--- Data shown Enclosed Below ---
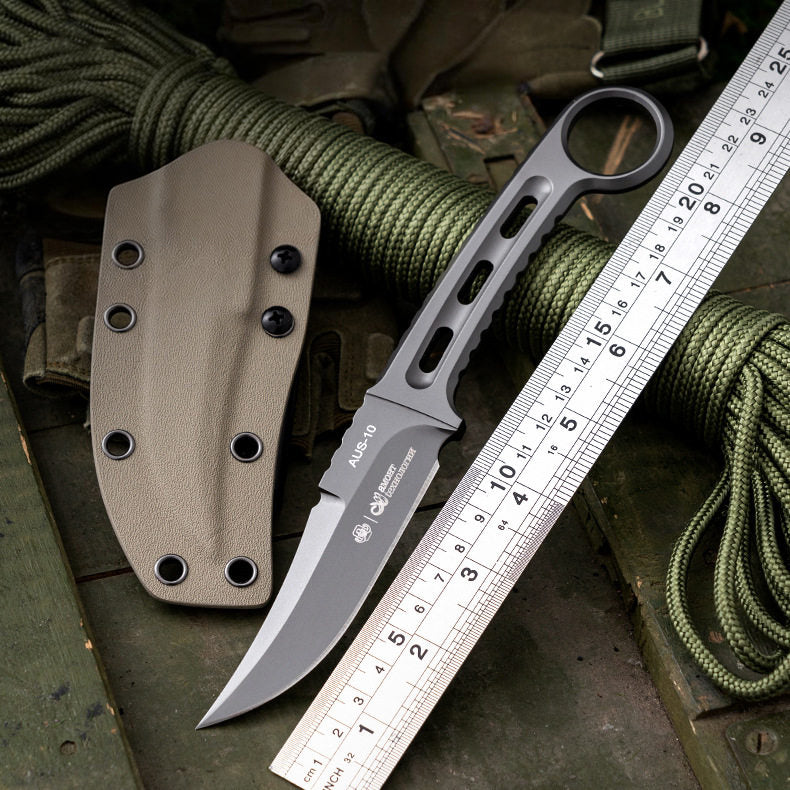 Assassin - AUS-10 Full-Tang Fixed Blade for EDC & Outdoor Knife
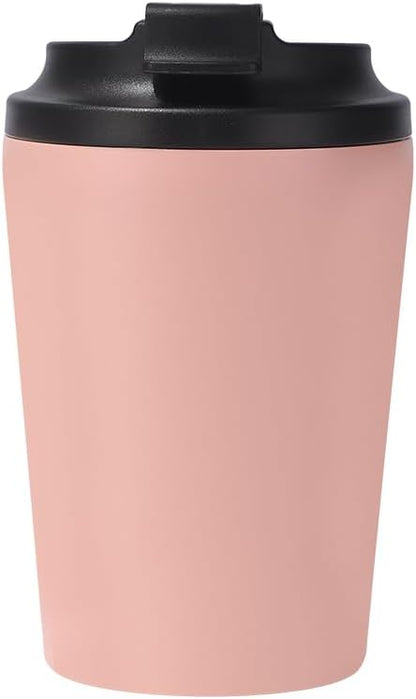 12oz Mini Insulated Coffee Cup - 304 Stainless Steel & Ceramic Lined Tumbler, Leak-Proof Portable Travel Mug for Car Office Outdoor, BPA-Free Double Wall Vacuum (purplish blue)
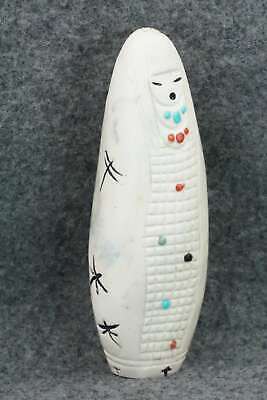 Corn Maiden Zuni Fetish Carving - Sandra Quandelacy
--- End of Enclosed Data shown ---
### Task to complete
Each line of the data must be restated exactly, and the pictures must be left out.

### Task output
 Assassin - AUS-10 Full-Tang Fixed Blade for EDC & Outdoor Knife
 12oz Mini Insulated Coffee Cup - 304 Stainless Steel & Ceramic Lined Tumbler, Leak-Proof Portable Travel Mug for Car Office Outdoor, BPA-Free Double Wall Vacuum (purplish blue)
 Corn Maiden Zuni Fetish Carving - Sandra Quandelacy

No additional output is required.